BEGIN

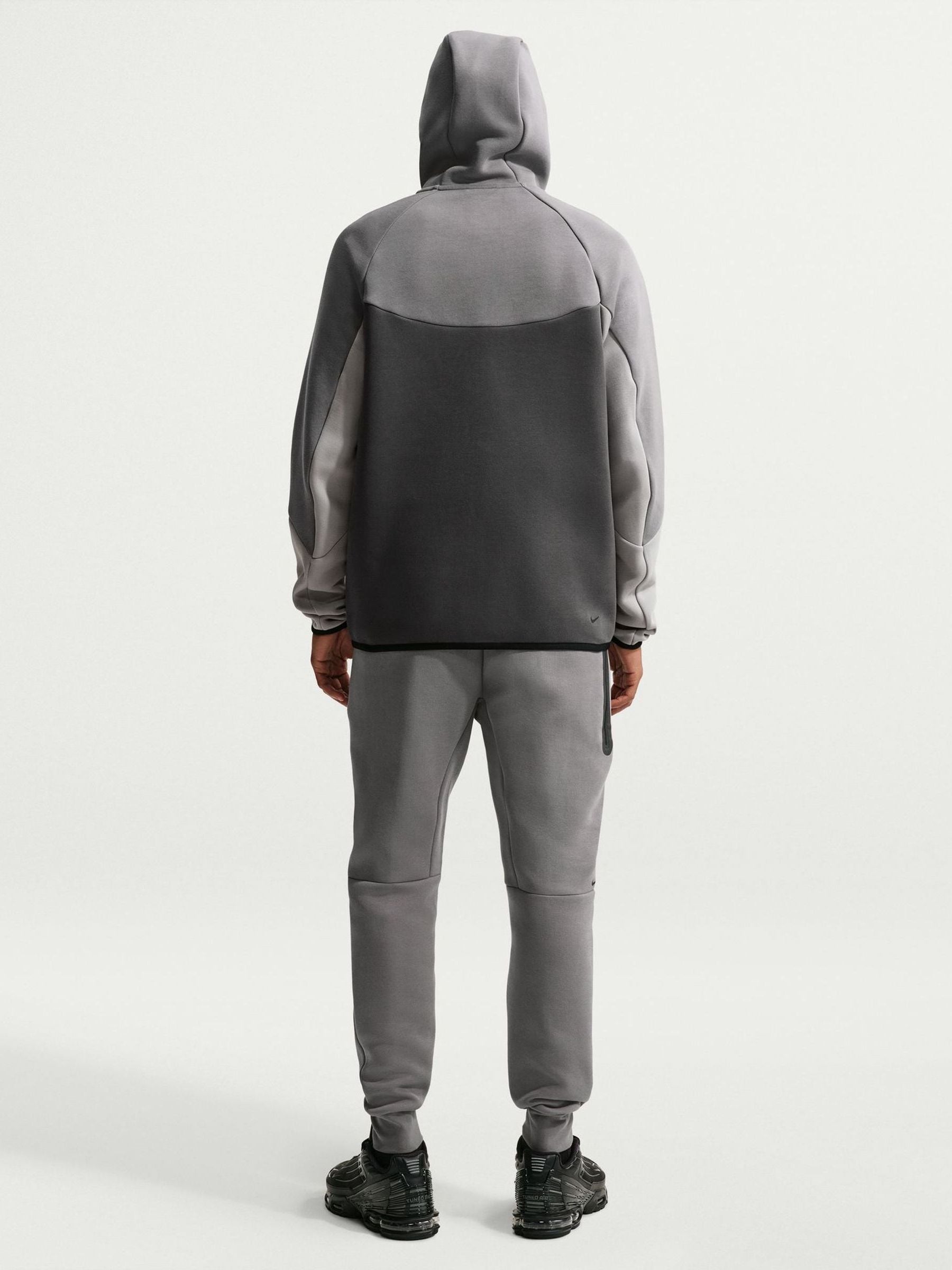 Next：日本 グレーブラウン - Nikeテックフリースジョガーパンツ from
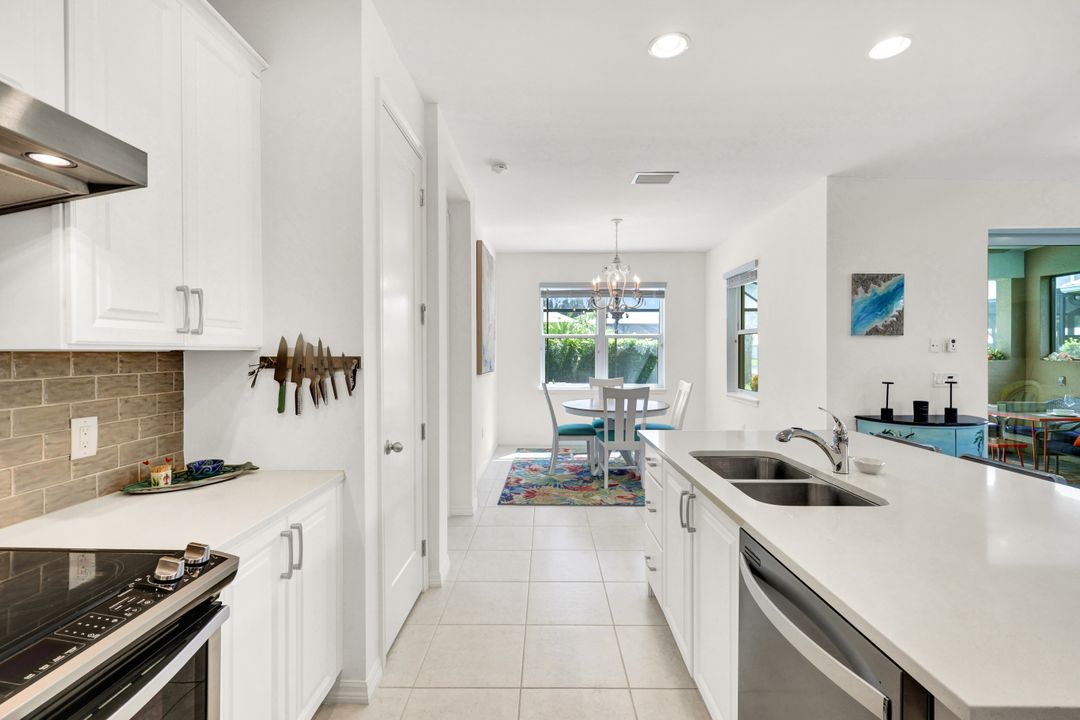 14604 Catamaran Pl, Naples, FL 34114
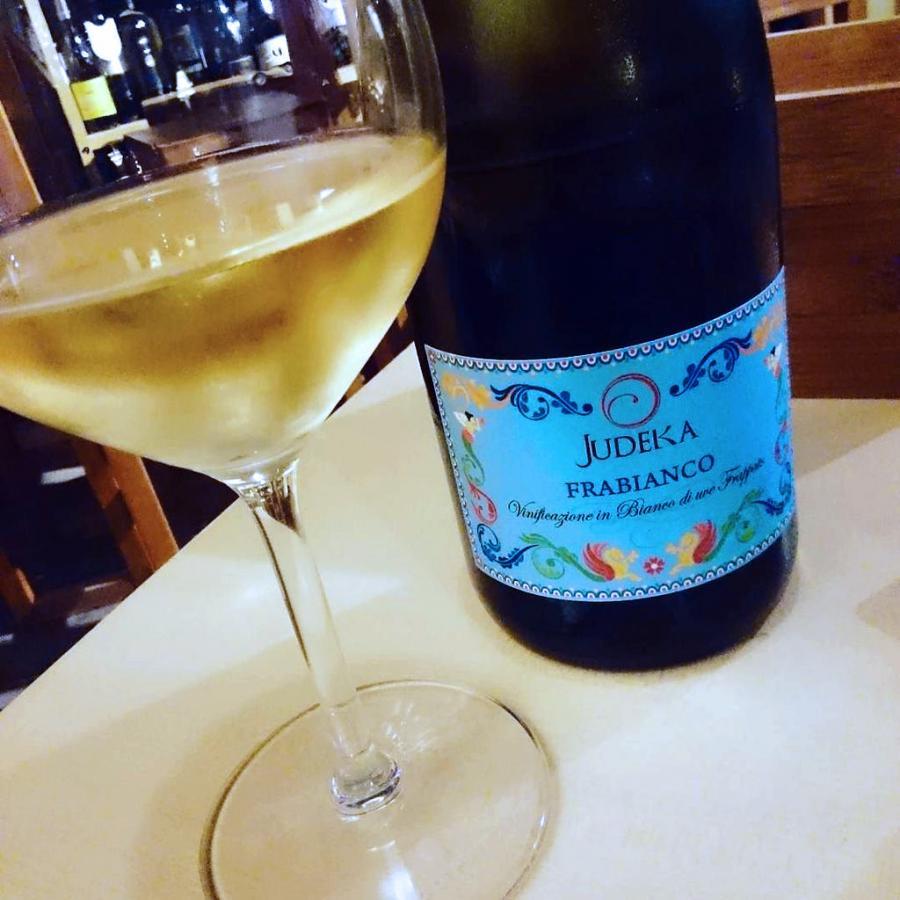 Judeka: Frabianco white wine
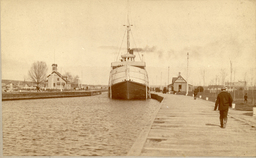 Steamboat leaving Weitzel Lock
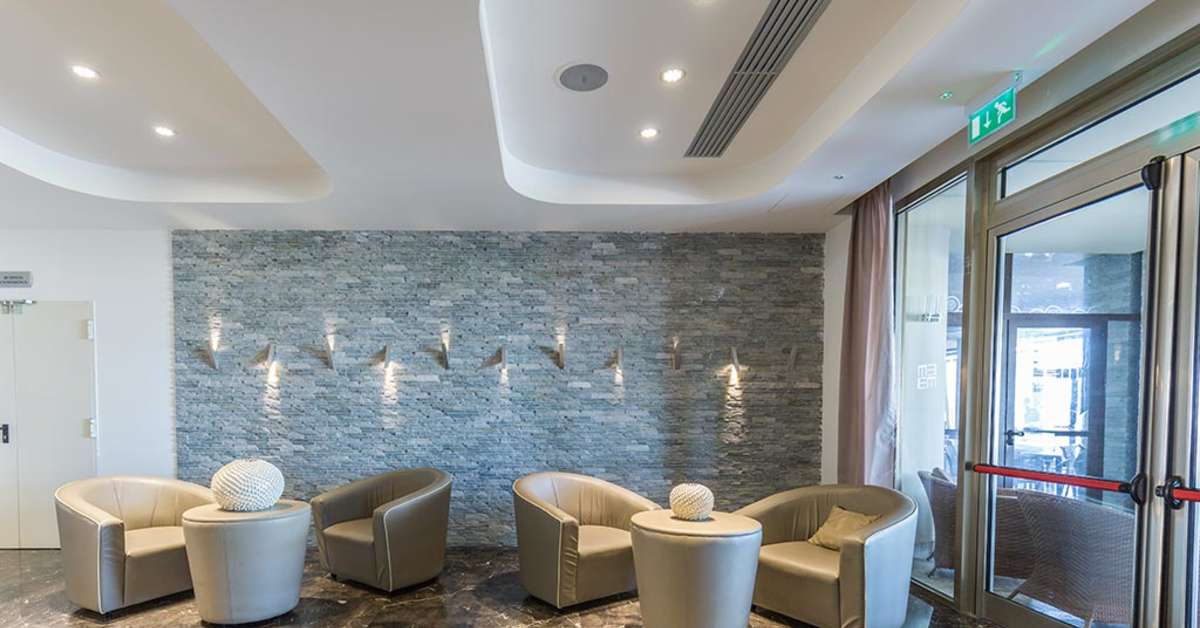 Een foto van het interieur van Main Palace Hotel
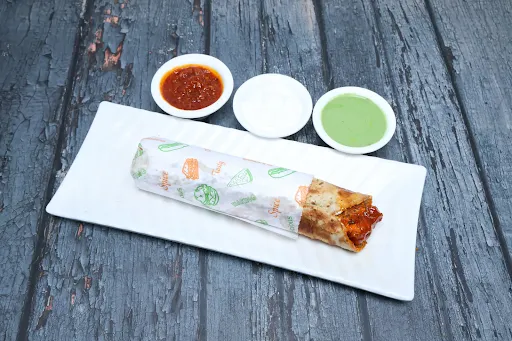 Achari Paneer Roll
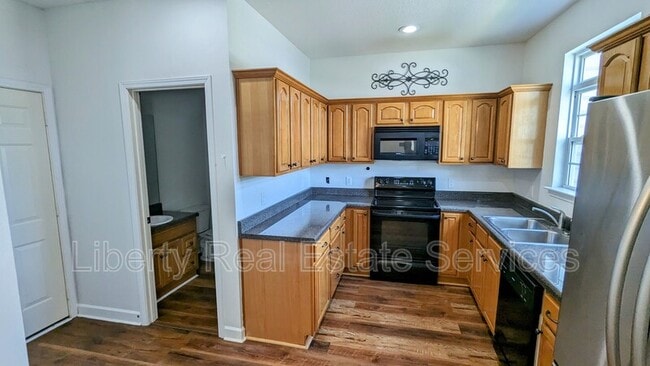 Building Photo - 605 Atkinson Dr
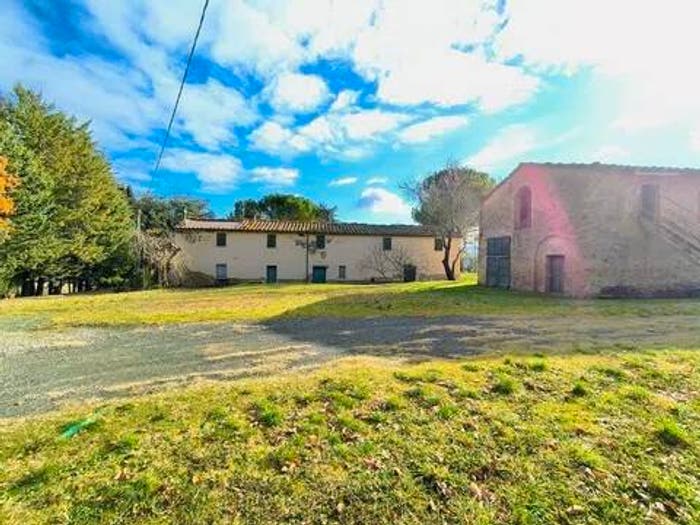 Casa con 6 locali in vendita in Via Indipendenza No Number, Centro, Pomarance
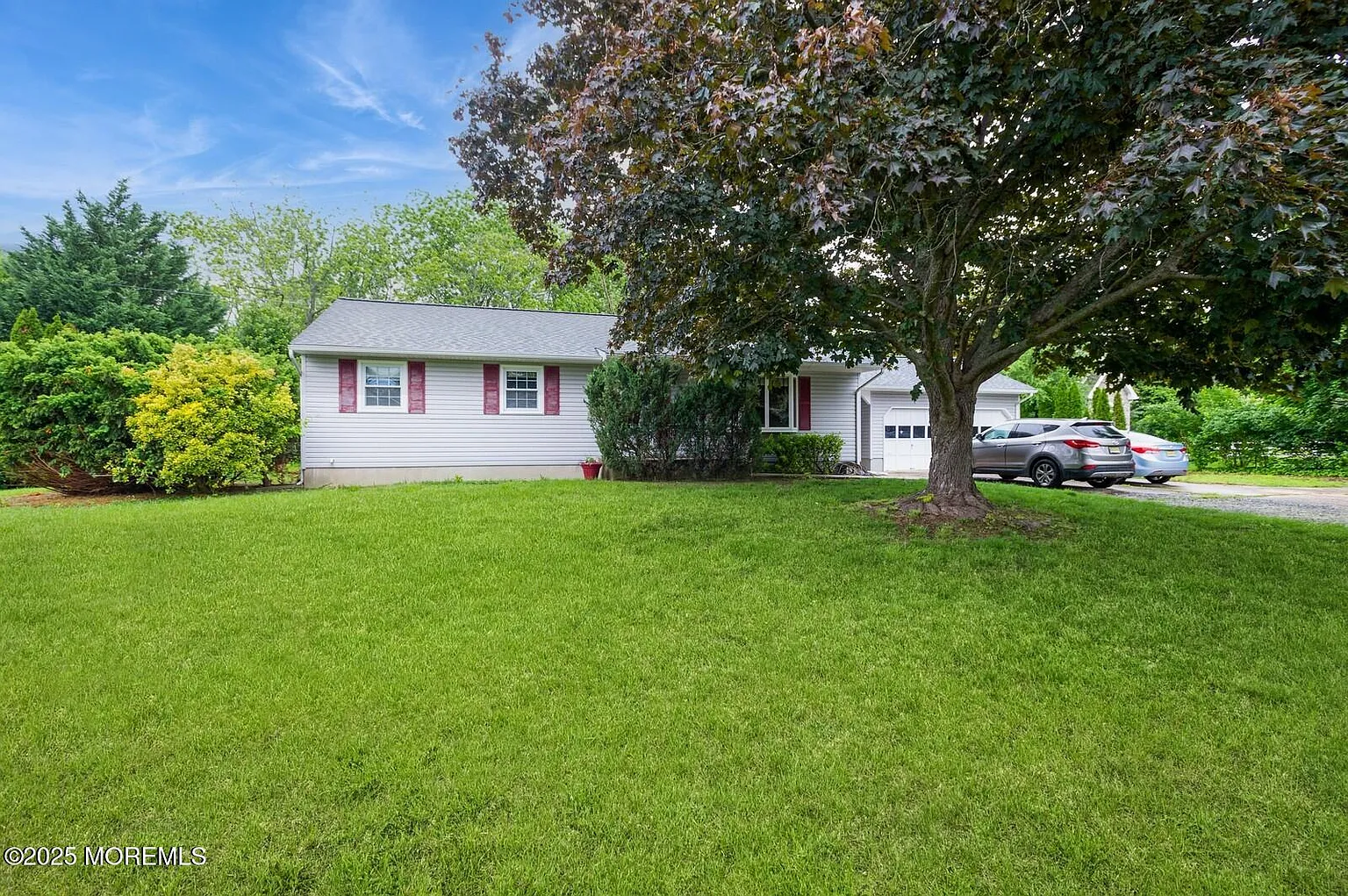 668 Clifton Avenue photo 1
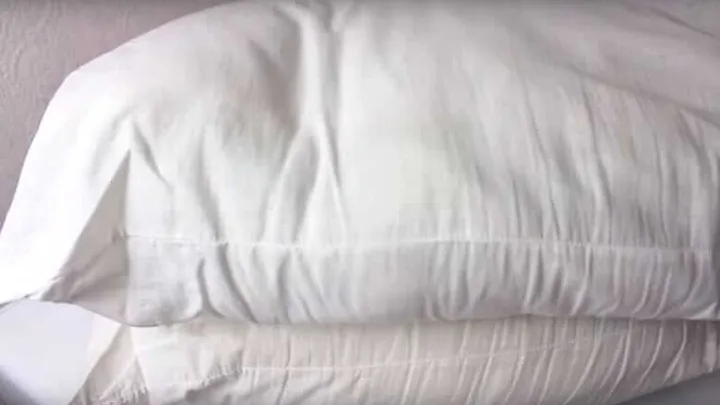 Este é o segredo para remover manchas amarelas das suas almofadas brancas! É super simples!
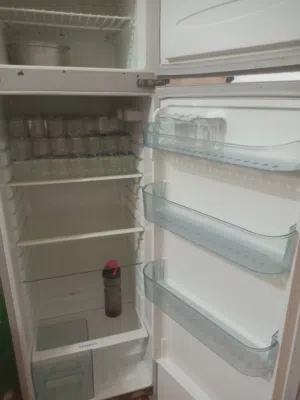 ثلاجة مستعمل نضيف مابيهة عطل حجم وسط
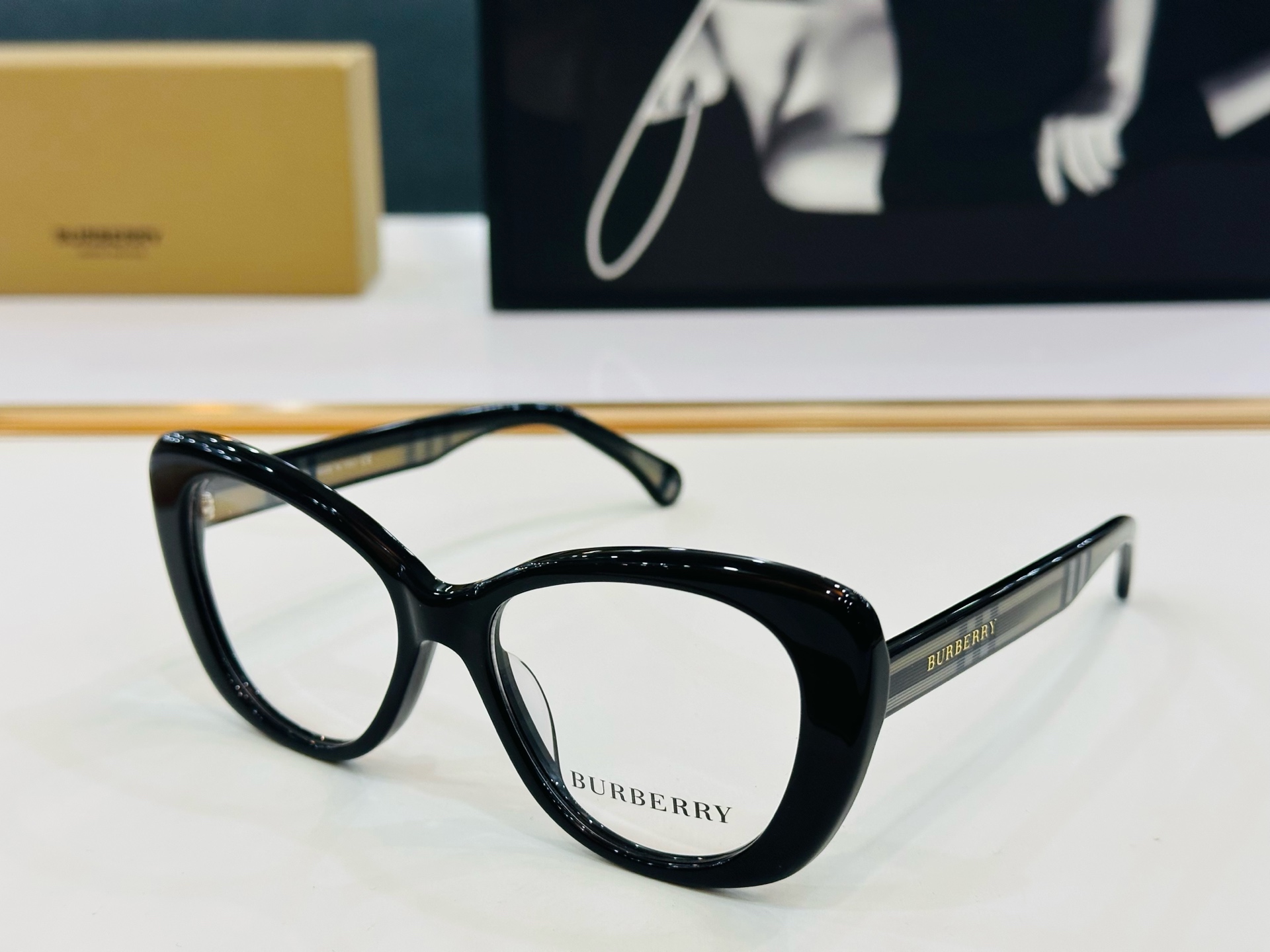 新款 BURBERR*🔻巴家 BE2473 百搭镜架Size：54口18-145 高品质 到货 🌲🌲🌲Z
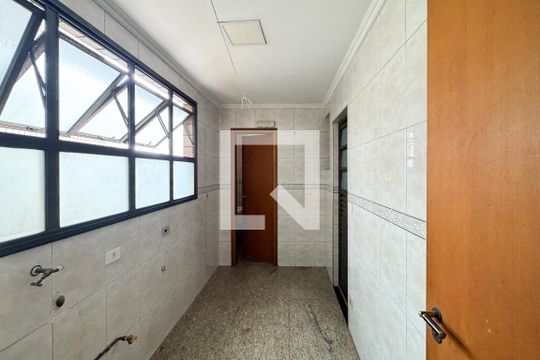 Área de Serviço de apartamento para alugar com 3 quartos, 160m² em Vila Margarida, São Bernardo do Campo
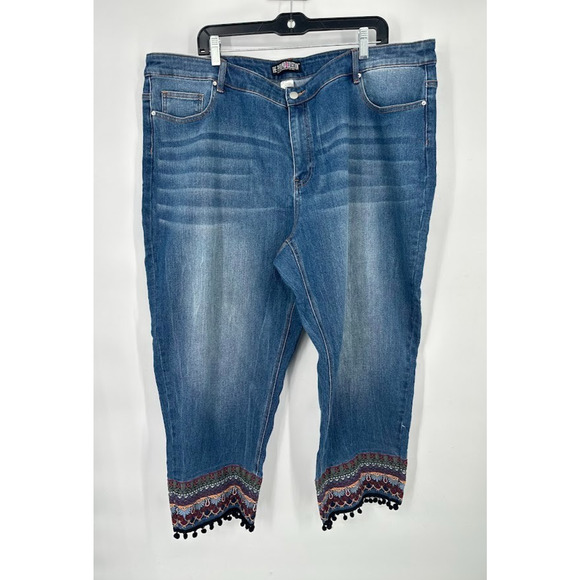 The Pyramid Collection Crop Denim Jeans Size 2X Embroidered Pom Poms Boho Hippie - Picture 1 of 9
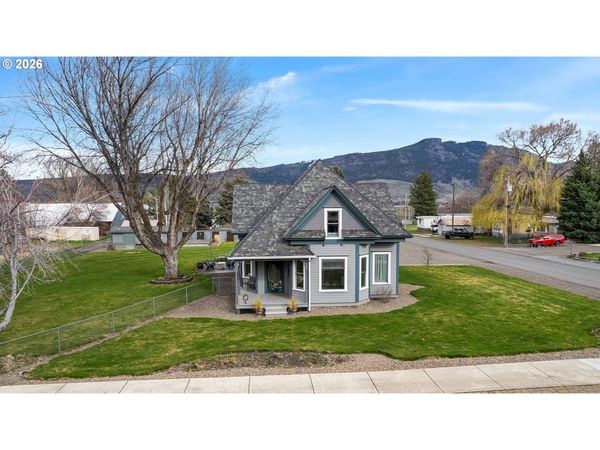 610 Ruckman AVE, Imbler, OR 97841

END

WHAT IS REQUIRED: Each line above that falls between the line with "Judeka: Frabianco white wine" and the line with "ثلاجة مستعمل نضيف مابيهة عطل حجم وسط" should be printed exactly, together with those two lines, but the pictures should not.

WRITTEN RESPONSE:
 Judeka: Frabianco white wine
 Steamboat leaving Weitzel Lock
 Een foto van het interieur van Main Palace Hotel
 Achari Paneer Roll
 Building Photo - 605 Atkinson Dr
 Casa con 6 locali in vendita in Via Indipendenza No Number, Centro, Pomarance
 668 Clifton Avenue photo 1
 Este é o segredo para remover manchas amarelas das suas almofadas brancas! É super simples!
 ثلاجة مستعمل نضيف مابيهة عطل حجم وسط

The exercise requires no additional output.